• EXERCISE INSTRUCTIONS
Each line of the data must reappear exactly in your answer, with no images included.

• COLLECTED MATERIAL
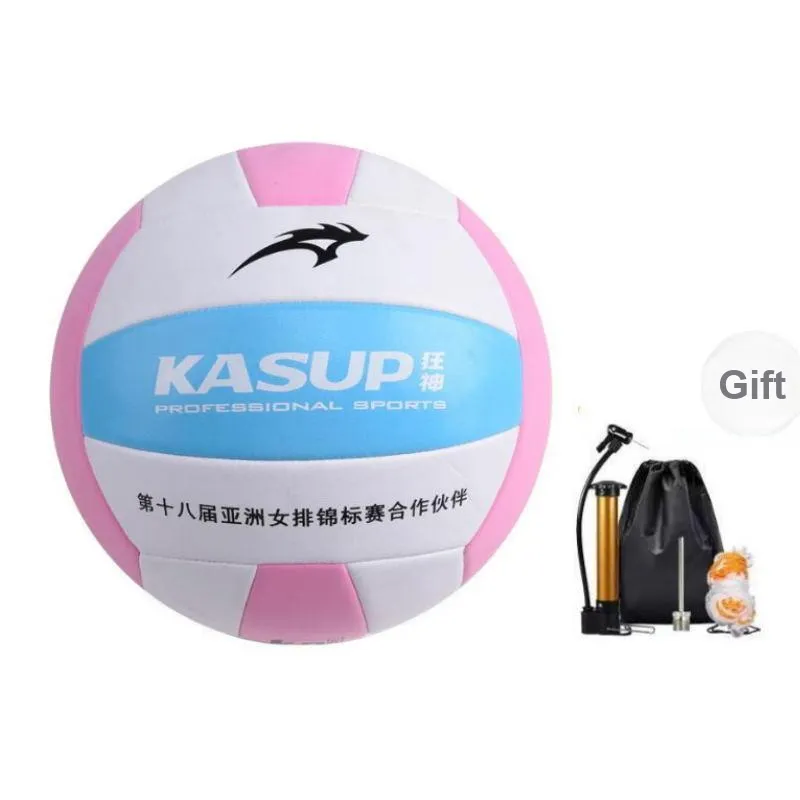 KASUP PVC Size 5 Volleyball Unisex Yellow Blue-4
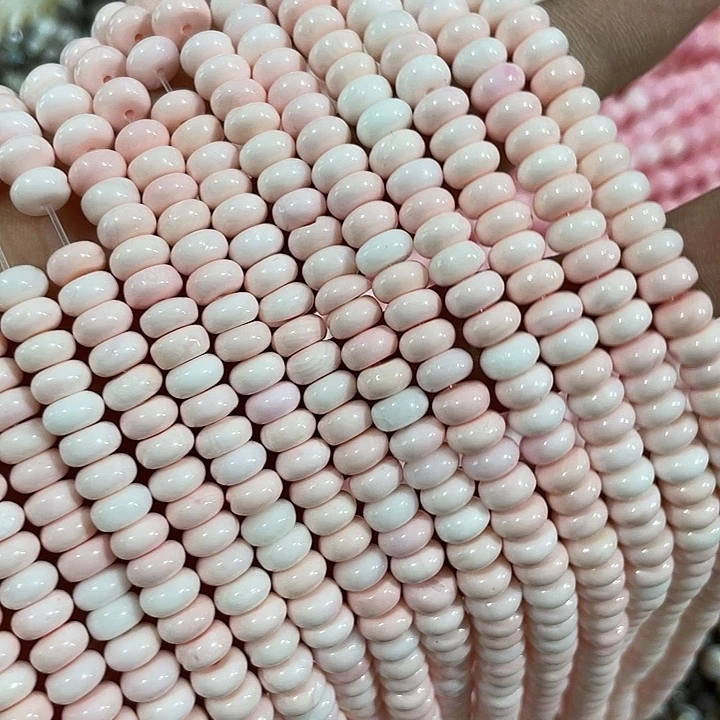 贝壳非金属一条7mm女皇贝算盘珠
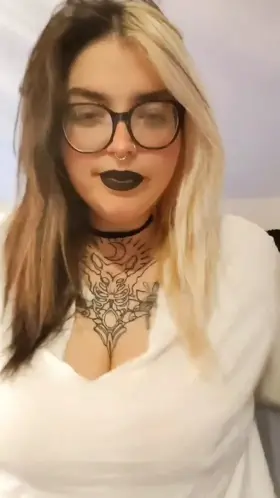Just a simple goth chick whose nips won't stay in her bra.🤷‍♀️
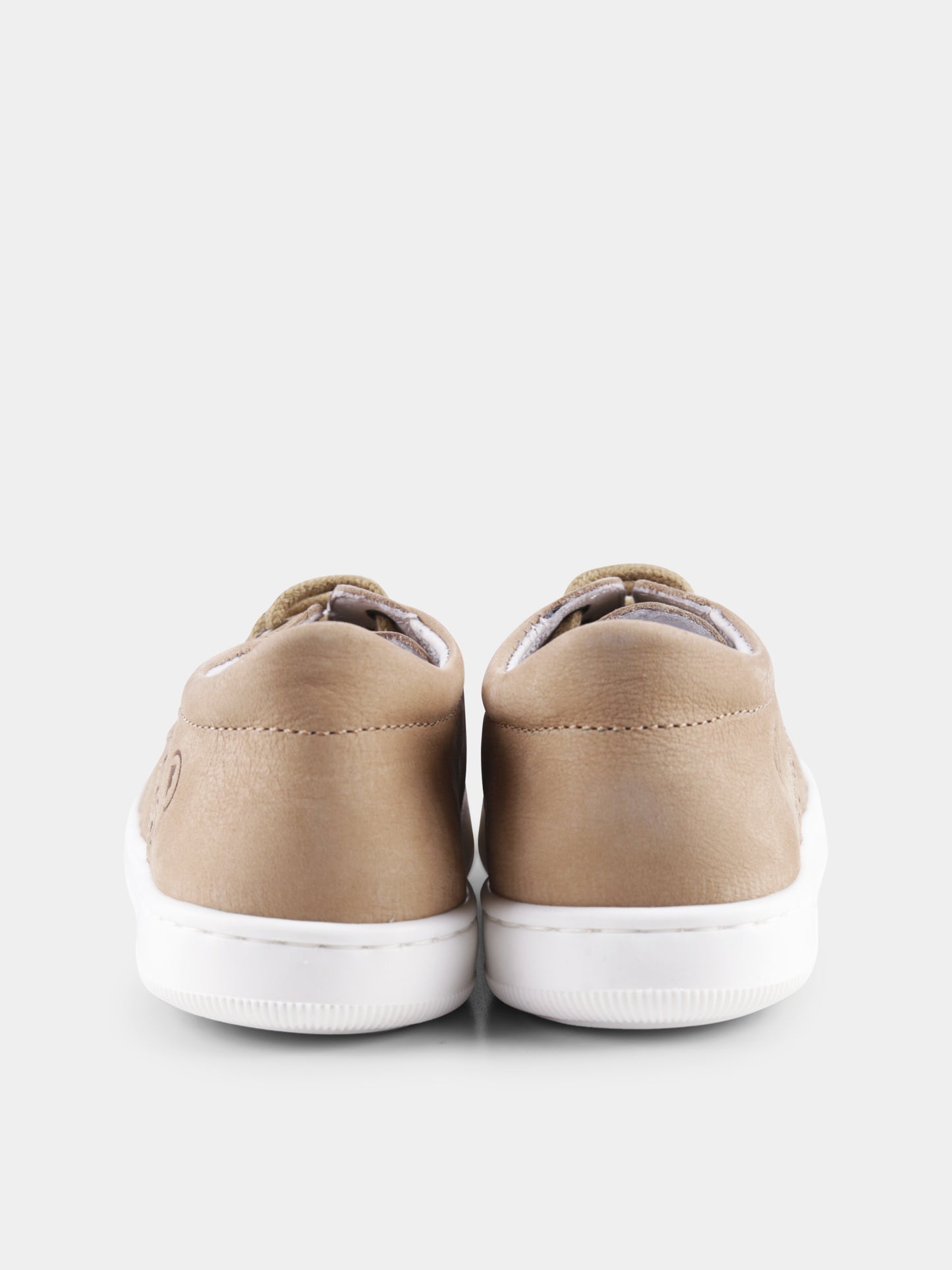 Brown lace-ups for baby boy and boy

• RESPONSE
 KASUP PVC Size 5 Volleyball Unisex Yellow Blue-4
 贝壳非金属一条7mm女皇贝算盘珠
Just a simple goth chick whose nips won't stay in her bra.🤷‍♀️
 Brown lace-ups for baby boy and boy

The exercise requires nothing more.